_PROBLEM TO WORK ON:_
In the data below, begin at the line with "34 Gilford Road 16 of 29" and stop after the line with "MITSUBISHI PAJERO SPORT 4×2 AT"; output those lines exactly and no pictures.
*** Begin section ***
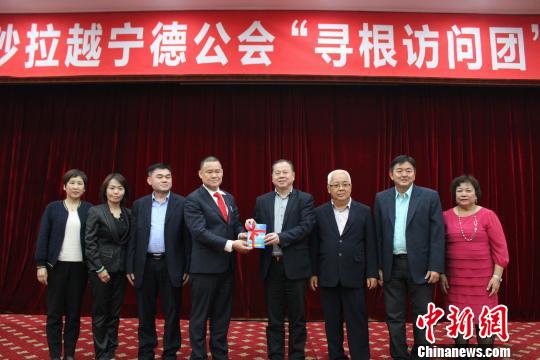 圖爲互贈紀念品。 葉茂 攝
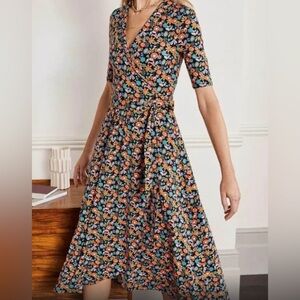Boden Lavinia Jersey Wrap Dress in Flora Bloom
Size 2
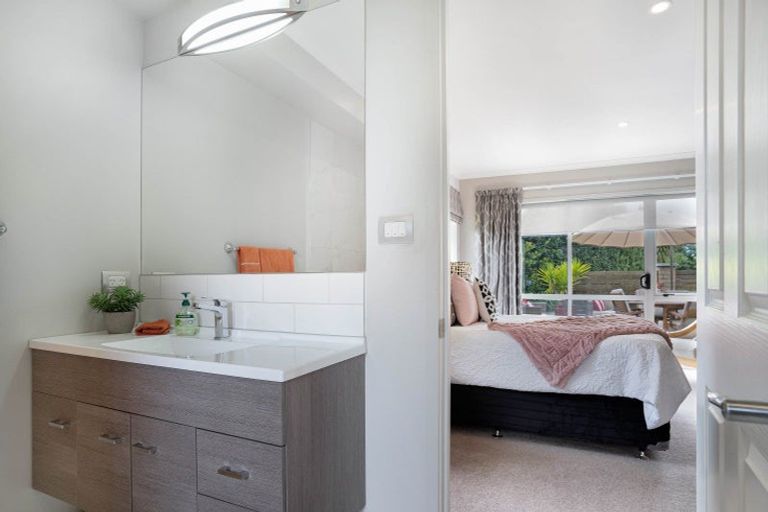 Photo of property in 3 Camellia Lane, Carterton, 5713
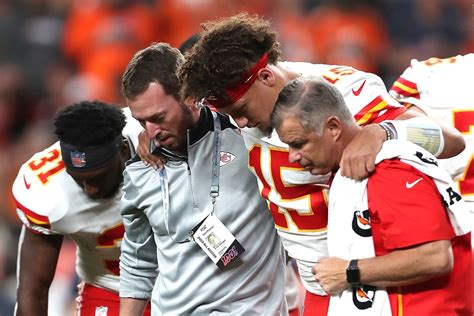 Updated odds, prop bets for bills vs. Chiefs' Patrick Mahomes injured against Broncos; out for the game - Arrowhead Pride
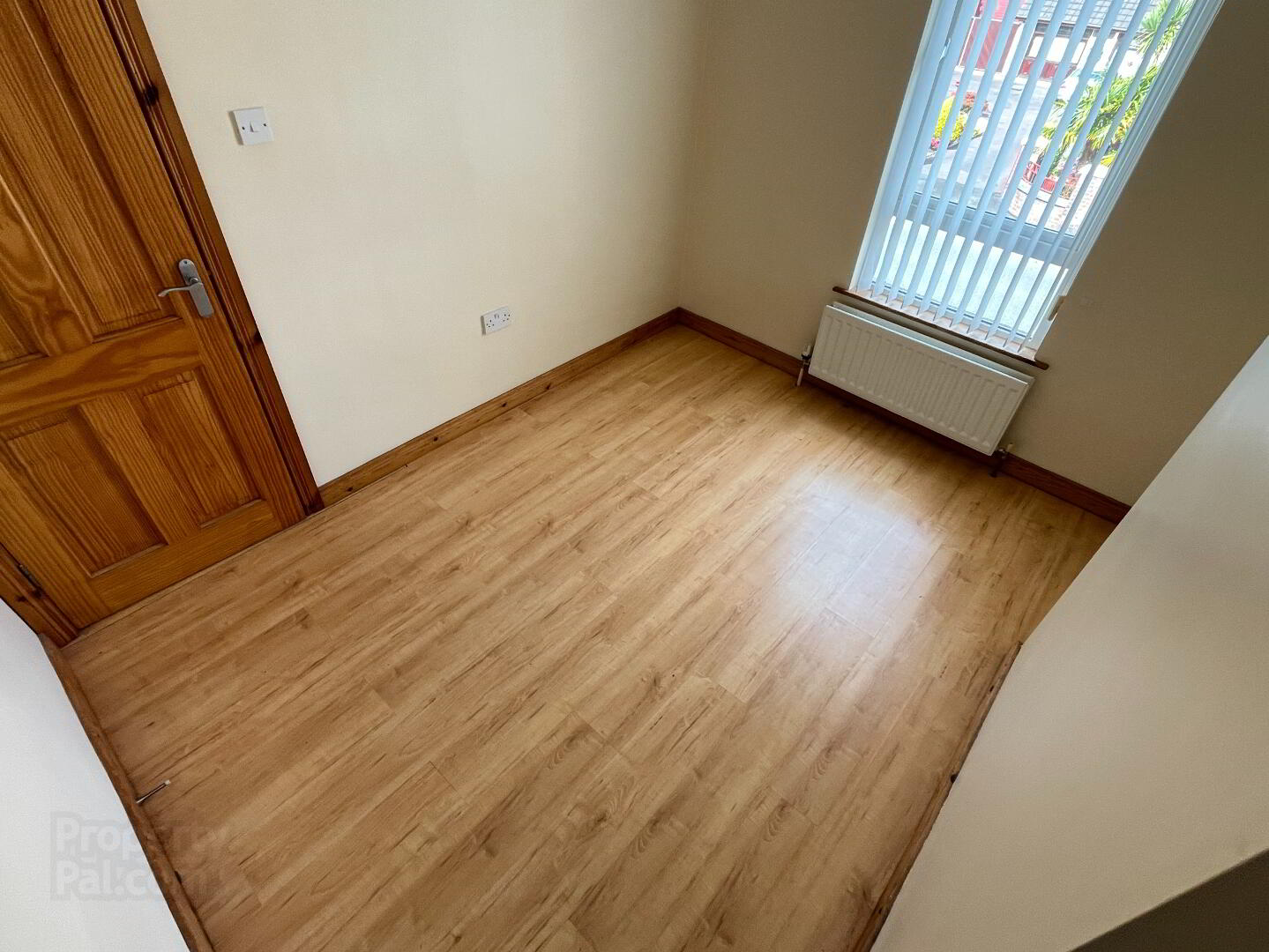 34 Gilford Road 16 of 29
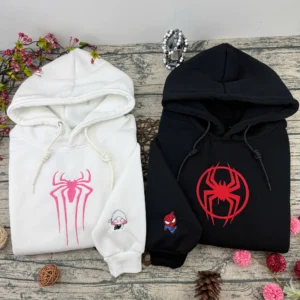 Sweats à capuche couple Spider-Man brodés : emblème Spider-Gwen rose sur hoodie blanc et emblème Miles Morales rouge sur hoodie noir, mini personnages brodés sur la manche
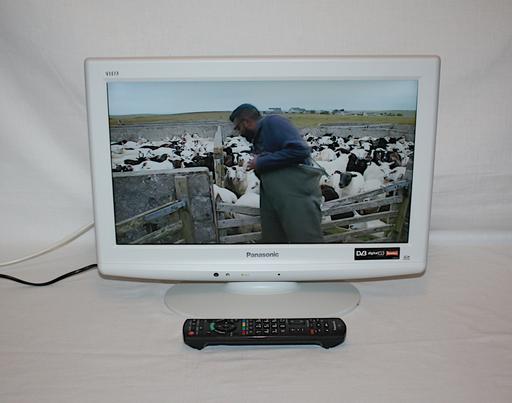 Buy & Sell Hall Green Wakefield - Photos for Panasonic 19 inch TV with Built-in Freeview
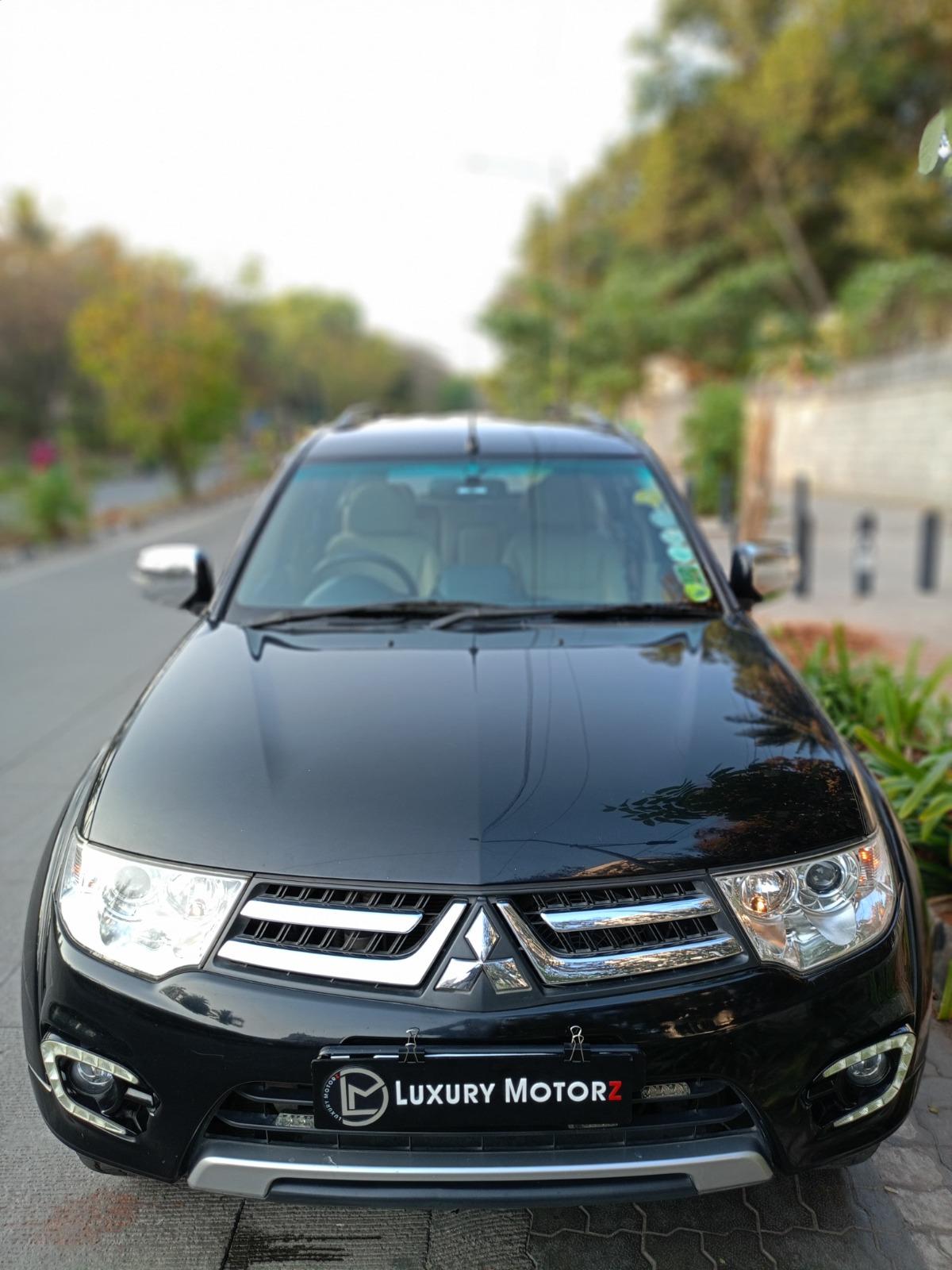 MITSUBISHI PAJERO SPORT 4×2 AT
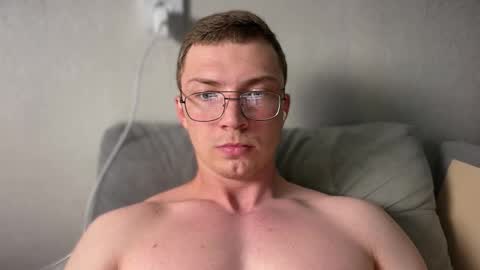 Snapshot of iron__chapman chatting on 09/21/25, 09:38 Iron online show from 09/21/25, 09:38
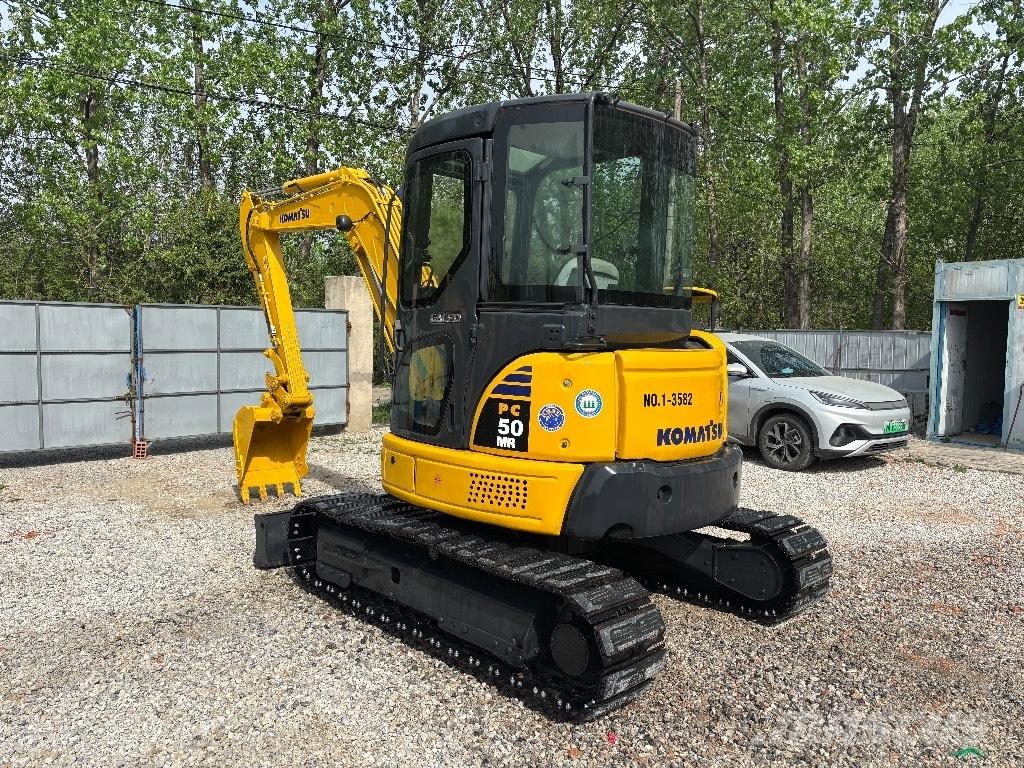 Komatsu PC 50 ミニ油圧ショベル 7t以下（ミニユンボ・ミニディガー）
*** End section ***
_ANSWER:_
 34 Gilford Road 16 of 29
 Sweats à capuche couple Spider-Man brodés : emblème Spider-Gwen rose sur hoodie blanc et emblème Miles Morales rouge sur hoodie noir, mini personnages brodés sur la manche
 Buy & Sell Hall Green Wakefield - Photos for Panasonic 19 inch TV with Built-in Freeview
 MITSUBISHI PAJERO SPORT 4×2 AT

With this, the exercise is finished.